Da qui in primis la scelta di non assegnare alcun voto a questa uscita, sarebbe mero esercizio fine a se stesso. In secondo luogo, l’urgenza è quella di prendere The Final Sermon per quel che è, ovvero un tributo ad un grande cantante che non avremo più il piacere di gustare, a prescindere dalla prova vocale del comunque indimenticabile Mike Howe, perché sicuramente ci saranno state serate migliori sotto ogni aspetto, da quello tecnico a quello emotivo. Quella che abbiamo oggi a disposizione è una esibizione dei Metal Church in Giappone nell’Anno Domini 2019, uscita nel luglio 2024 per la Rat Pak Records, ormai da molti anni spalla della formazione di Seattle quando si parla di uscite discografiche.

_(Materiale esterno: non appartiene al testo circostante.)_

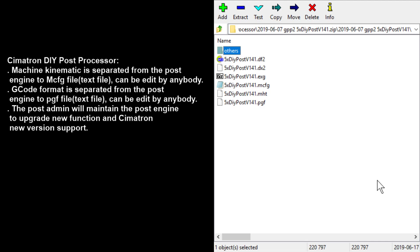The separation is done into an mcfg file and a pgf file. Both the mcfg file and pgf file are basically text files — anybody can edit them. After editing, there is no need to compile. Just set the file and it will post the program. It is something similar to gPost or PostHaste.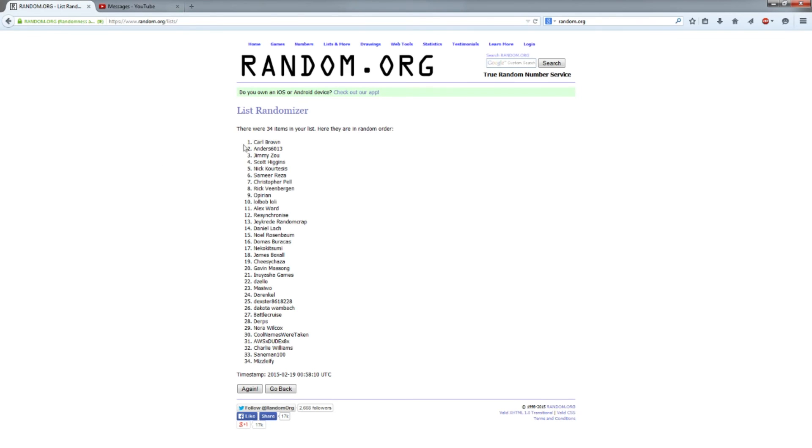The ones that have won are Carol Brown, Anders 6013, Jimmy Zhu, Scott Higgins, Nick Kortosis, Samir Reza, Christopher Pell, and Rick Venenberg. Venenbergen.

Questa attestazione sembra ancora una volta voler suggellare l’amore di Kurdt Vanderhoof per onestà ed integrità musicale, e non vi sarà difficile trovare sbavature e imprecisioni; insomma, un “live” nudo e crudo il più possibile naturale (sovra-incisioni se proprio non se ne può fare a meno, più che altro per necessità dovute alla scarsa qualità del prodotto di partenza, ma non sembra questo il caso).
Inutile girarci intorno: la scaletta è pressoché identica a quella che i Metal Church hanno proposto dal ritorno di Mike alla sua triste dipartita, interazioni col pubblico comprese (anche se in The Final Sermon c’è spazio esclusivamente per la musica, eventuali presentazioni sono state estromesse dal mix finale), quantomeno per quanto riguarda i classici dei primi cinque album. Ma anche da XI non manca “Needle & Suture”, presente dall’uscita del rientro nei ranghi di Howe, mentre questo tour vede proposto il terzetto iniziale di Damned If You Do, intervallato ai classici, all’epoca in fase di promozione.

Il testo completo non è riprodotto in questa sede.